[Saved entries]:
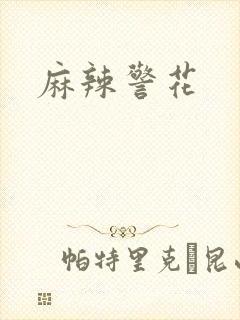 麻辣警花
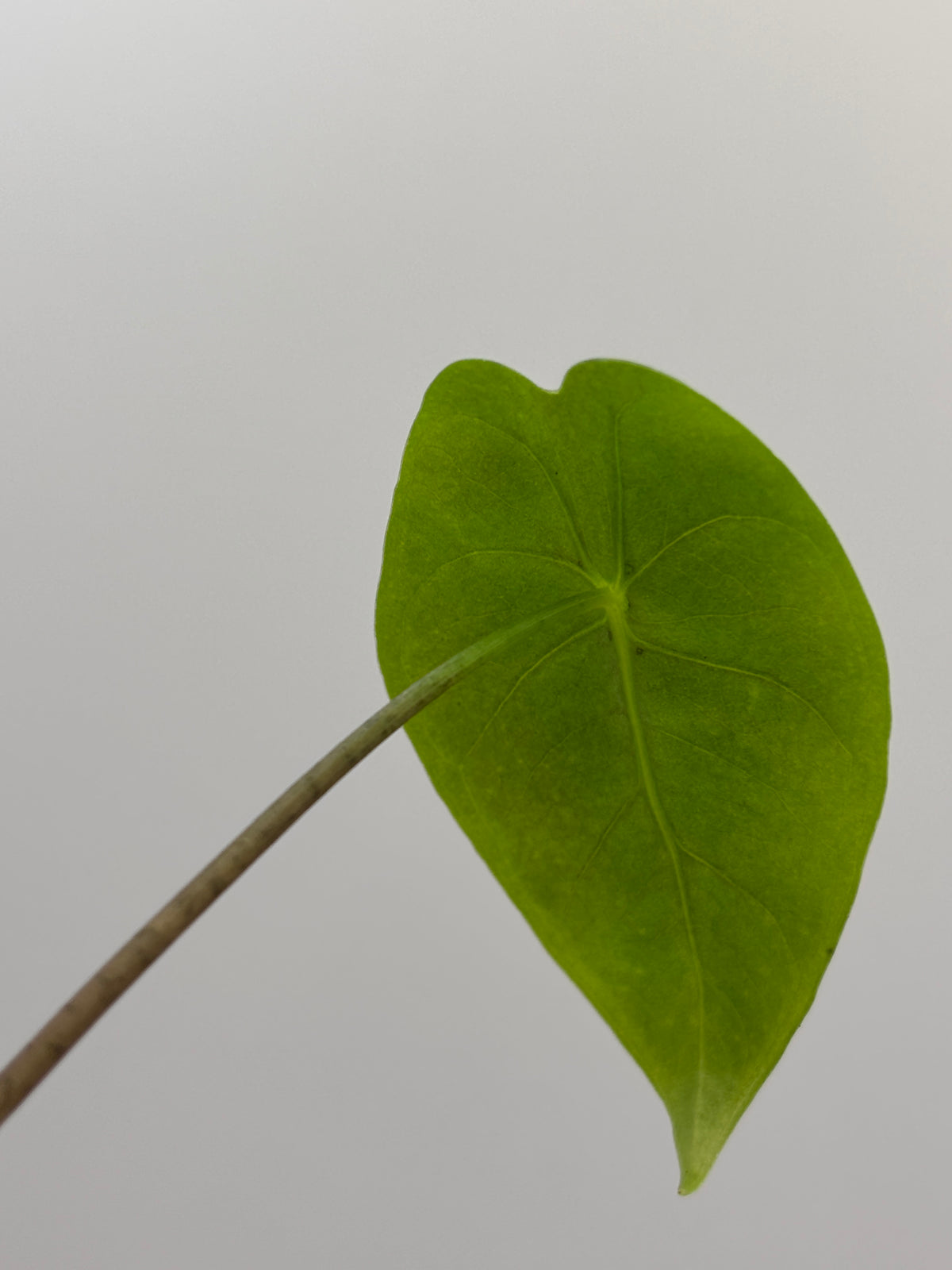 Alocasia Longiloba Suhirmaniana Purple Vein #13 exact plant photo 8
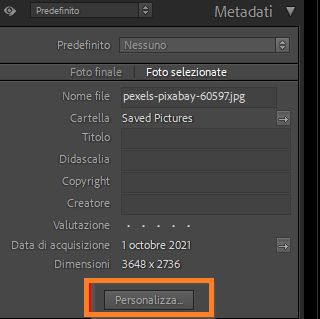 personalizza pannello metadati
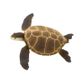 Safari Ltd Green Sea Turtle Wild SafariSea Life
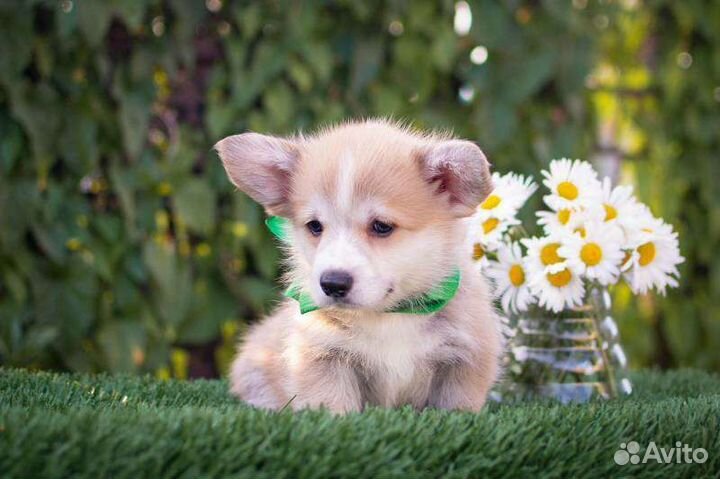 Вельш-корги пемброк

[WORK TO BE COMPLETED]:
An exact copy is needed of every line from the one holding "Alocasia Longiloba Suhirmaniana" to the end of the entries above, both ends kept and each picture dropped.

[SOLVED PROBLEM]:
 Alocasia Longiloba Suhirmaniana Purple Vein #13 exact plant photo 8
 personalizza pannello metadati
 Safari Ltd Green Sea Turtle Wild SafariSea Life
 Вельш-корги пемброк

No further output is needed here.